# Calculate y'

#### Dazed

##### New member

Calculate y'

1. y = 1/sin(x-sinx)

2. y = sec(1+x^2)

3. x^2cosy + sin2y = xy

4. y = sinmx/x

5. xtany = y-1

6. y = (x-1)(x-4)/(x-2)(x-3)

#### ChaoticLlama

##### Junior Member
y = sinmx/x

First I will bring the denominator into the numerator to make it a product rule.
y = sin(mx) * (x^-1)

Then Differentiate using product rule.
y' = sin(mx) * -(x^-2) + (x^-1)cos(mx)m
y' = -sin(mx)/x² + mcos(mx)/x
y' = (mxcos(mx) - sin(mx))/x²

y = sec(1 + x^2)

Since the derivative of sec(x) = sec(x)tan(x)

y' = sec(1 + x²)tan(1 + x²) * 2x

#### ChaoticLlama

##### Junior Member
xtany = y-1

Here you must make use of product rule on the right side and implicit differentiation.
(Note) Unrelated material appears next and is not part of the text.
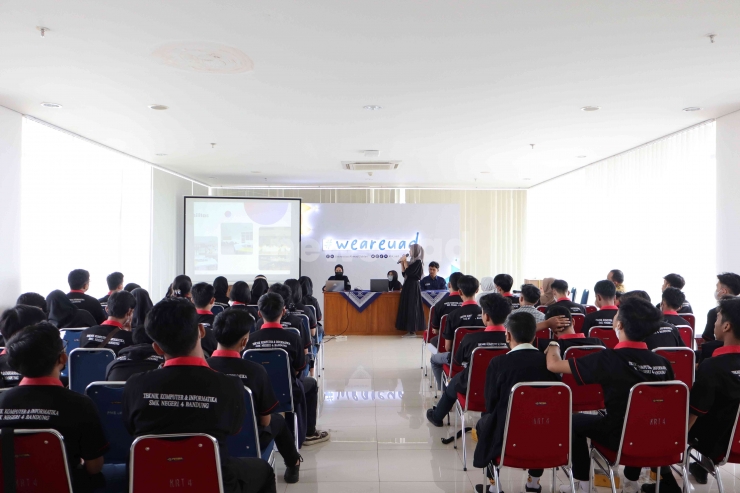Kunjungan siswa SMK N 4 Bandung ke Laboratorium Sistem Informasi Universitas Ahmad Dahlan (UAD) (Foto: Istimewa)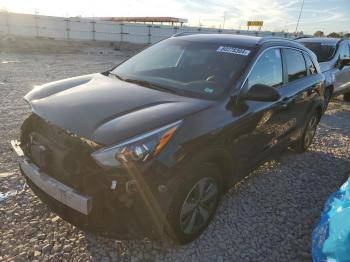  Salvage Kia Niro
x * sec²(y) * y' + tan(y) = y'

Then just rearragnge to solve for y'

x * sec²(y) * y' - y' = -tan(y)

y'(xsec²(y) - 1) = -tan(y)

y' = -tan(y) / [xsec(y) - 1]

y = 1/sin(x-sinx)

Here, all that you have to keep in mind is that the derivative of sec(u) = sec(u)tan(u) * du/dx
The du/dx is not officially a part of the derivative of sec(x), it is just there to remind you of chain rule. (where u = x - sin(x))

y = sec(x - sin(x))

y' = sec(x-sin(x))tan(x - sin(x))(1 - cos(x))